Boosting Exploration in Actor-Critic Algorithms by Incentivizing Plausible Novel States
This work addresses the challenge of balancing exploration and exploitation in reinforcement learning for continuous control, offering an incremental improvement over existing methods.
The paper tackles the problem of improving exploration in actor-critic algorithms by introducing a method that incentivizes plausible novel states, leading to enhanced sample efficiency and training performance in continuous control tasks.

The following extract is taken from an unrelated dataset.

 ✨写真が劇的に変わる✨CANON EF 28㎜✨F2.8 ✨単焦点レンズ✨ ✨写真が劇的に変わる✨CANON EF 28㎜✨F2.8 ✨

Actor-critic (AC) algorithms are a class of model-free deep reinforcement learning algorithms, which have proven their efficacy in diverse domains, especially in solving continuous control problems. Improvement of exploration (action entropy) and exploitation (expected return) using more efficient samples is a critical issue in AC algorithms. A basic strategy of a learning algorithm is to facilitate indiscriminately exploring all of the environment state space, as well as to encourage exploring rarely visited states rather than frequently visited one. Under this strategy, we propose a new method to boost exploration through an intrinsic reward, based on measurement of a state's novelty and the associated benefit of exploring the state (with regards to policy optimization), altogether called plausible novelty. With incentivized exploration of plausible novel states, an AC algorithm is able to improve its sample efficiency and hence training performance. The new method is verified by extensive simulations of continuous control tasks of MuJoCo environments on a variety of prominent off-policy AC algorithms.